Entrepreneurship in times of social crisis
2025-06-10 Entrepreneurship in times of social crisis: ‘Entrepreneurs of Chaos?’ Scientists from Europe, India and the USA gathered at Leuphana University Lüneburg on 19 and 20 May for an international conference under this title. They discussed the opportunities and challenges of entrepreneurship in times of social crisis.
How can entrepreneurship be rethought beyond the prevailing disruptive understanding of entrepreneurship? What potential arises when we question the formative effect of disruption? And how can innovation support social, ecological and cultural balance instead of destroying and destabilising it?
‘Many people talk about interdisciplinarity, but we really lived it at the symposium. It was extremely exciting,’ says Prof. Dr. Matthias Wenzel from the Leuphana Social Innovation Community, who co-organised the conference. Scientists from the fields of management and organisational research, cultural and media studies, and philosophy took part.
‘The complexity that emerges from different perspectives has taken our work a big step forward: disruption and entrepreneurship cannot be thought of in a single-track way. Entrepreneurship takes place in so many facets outside the mainstream and contributes decisively – both constructively and destructively – to economic and social development. It is now important that this insight is put into practice.’

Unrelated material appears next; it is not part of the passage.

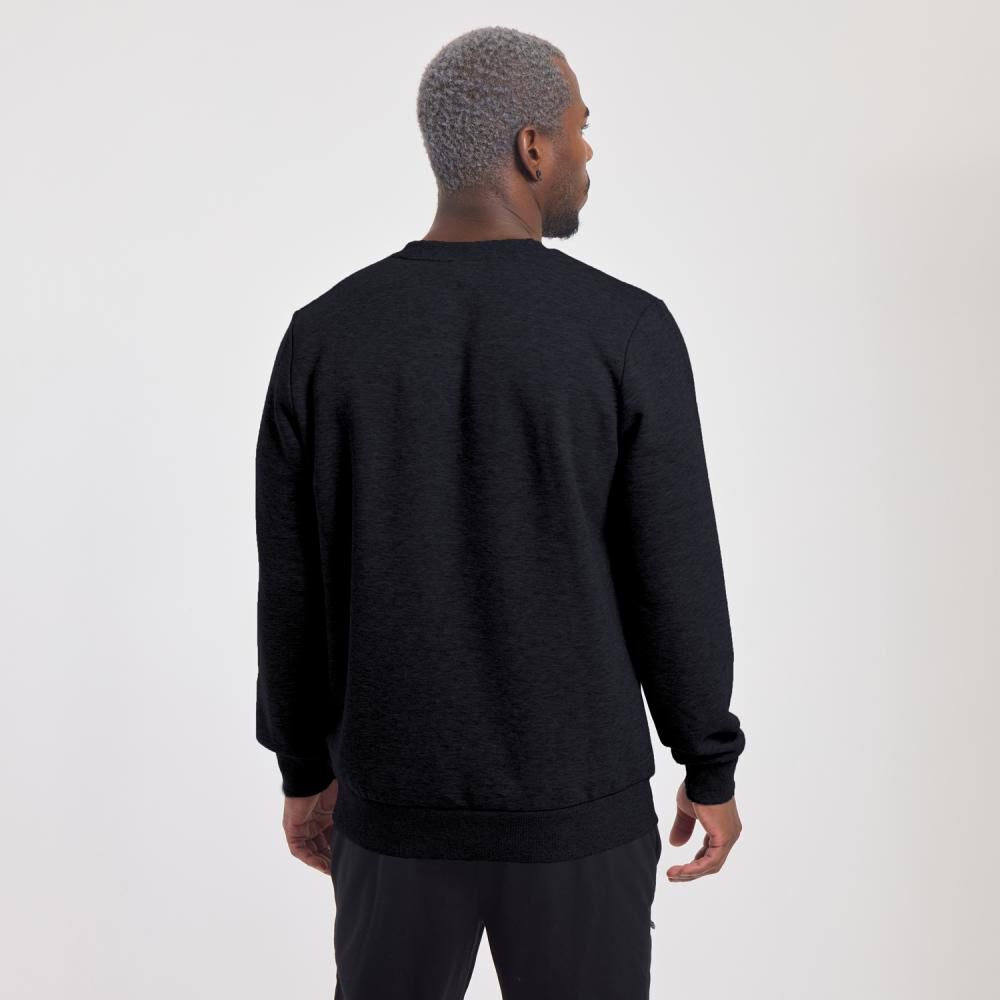 Poler&oacute;n Deportivo Estampado Slim Cuello Redondo Hombre Wetland image number 1.0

This is happening, among other places, in the Leuphana Social Innovation Community. The researchers involved in the project have now discovered new facets that enable them to evaluate social innovations in a multidimensional way and shed new light on their relevance for society. Wenzel initiated the conference together with Igor Galligo as main organiser and Prof. Dr. Elke Schüßler and Prof. Dr. Erich Hörl.
The event took place as part of the research initiative ‘The Disruptive Condition.’ Prof. Dr. Markus Reihlen, Vice President of Entrepreneurship, Transfer and Internationalisation at Leuphana, and Prof. Dr. Steffen Farny enriched the conference with their contributions to the discussion. They are also members of the Leuphana Social Innovation Community.
A new understanding of entrepreneurship
In particular, participants questioned the disruption-driven discourse on entrepreneurship. Under the title ‘Entrepreneurship of Chaos? From Disruptive Innovation to Negentropic Entrepreneurship,’ participants mobilised the conceptual apparatus coined by French philosopher Bernard Stiegler for a possible reformulation of entrepreneurship. Among other things, Stiegler understood our present life in a globalised society (fragmented by class, race and gender) as a life in disruption and formulated the search for possible ways out as our task.
As a case study, the contributions focused on India and discussed, among other things, Bangalore, often referred to as the “Indian Silicon Valley”. As Neharika Vohra, Professor of Organisational Behaviour at the Indian Institute of Management in Ahmedabad, presented in a contribution, the term “Indian Silicon Valley” obscures more than it reveals. Without a shift in the technology industry in Bangalore towards equity in infrastructure, mental well-being, local innovation and autonomy, Bangalore runs the risk of becoming a neo-colonial output.
This intervention was taken up by Prof. Dr. Erich Hörl, Professor of Media Culture and Media Philosophy at the Faculty of Cultural Studies. Neharika Vohra's detailed description clearly illustrated the destructive influence of disruptive entrepreneurship on the culture and social life of a society: "As cultural studies scholars, we work to interpret the present by naming it. The evidence recedes into the background. In this symposium, we have succeeded in gaining a deeper insight into the destructive effects of disruptive entrepreneurship, but also into possible counterstrategies, through many practical examples, not only from India,‘ commented Hörl. ’In particular, it has become clear how important local knowledge from the so-called Global South is for the search for alternative, i.e. counter-disruptive, models. Against this backdrop, it is worthwhile to further intensify interdisciplinary exchange across hemispheres."